> [Task goal]: Within the entries below, the lines from the one with "Telsiz ve uydu" through the one with "Ciabatta sandwich on" are to be set down exactly, both ends kept.

> [Study material]:
--

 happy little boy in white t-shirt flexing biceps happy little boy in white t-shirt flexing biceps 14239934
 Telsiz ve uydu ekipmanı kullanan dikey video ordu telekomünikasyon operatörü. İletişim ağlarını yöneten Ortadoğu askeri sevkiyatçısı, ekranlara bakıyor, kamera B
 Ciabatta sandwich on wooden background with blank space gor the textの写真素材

--

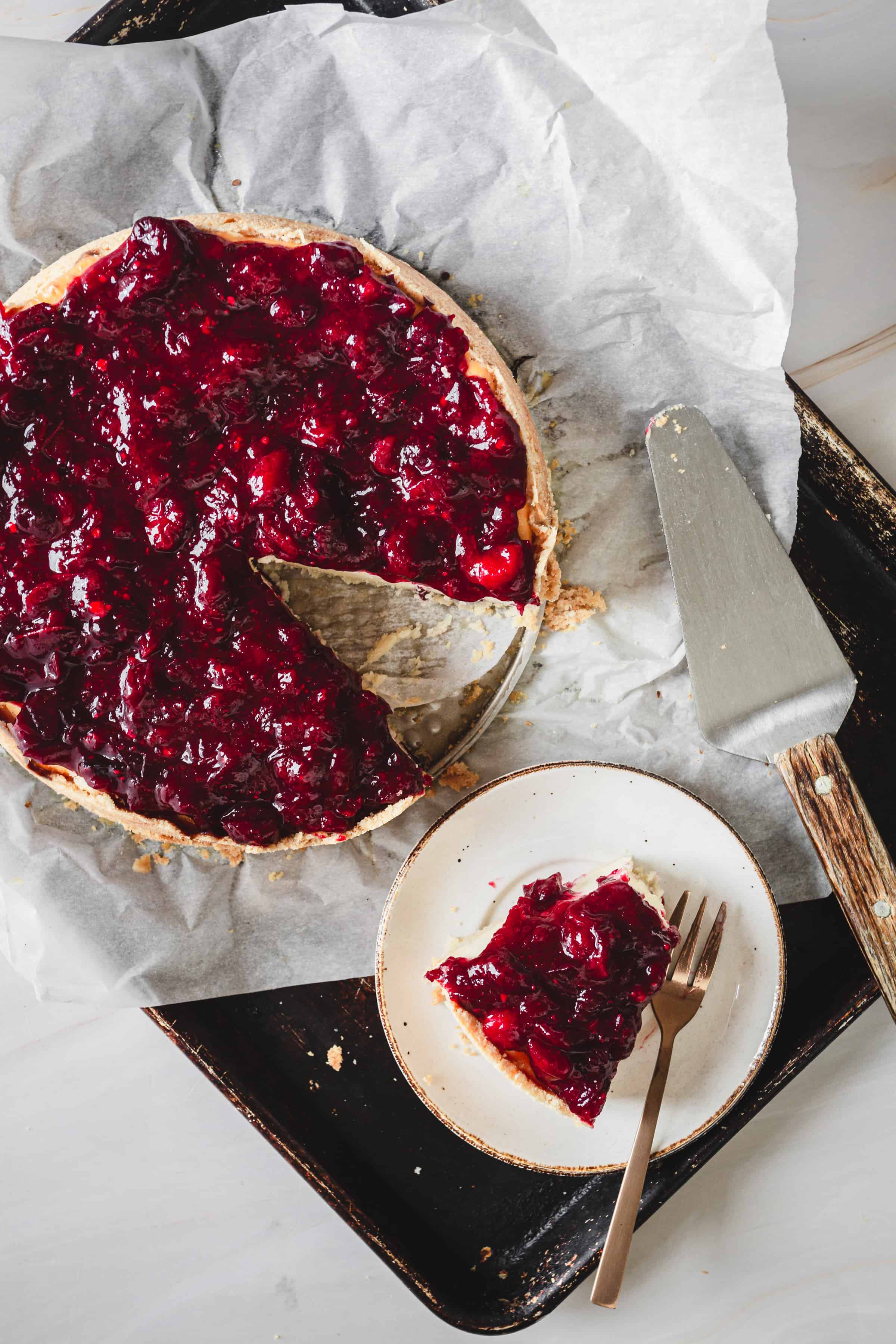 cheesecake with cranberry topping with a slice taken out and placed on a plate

--

> [Exercise solution]:
 Telsiz ve uydu ekipmanı kullanan dikey video ordu telekomünikasyon operatörü. İletişim ağlarını yöneten Ortadoğu askeri sevkiyatçısı, ekranlara bakıyor, kamera B
 Ciabatta sandwich on wooden background with blank space gor the textの写真素材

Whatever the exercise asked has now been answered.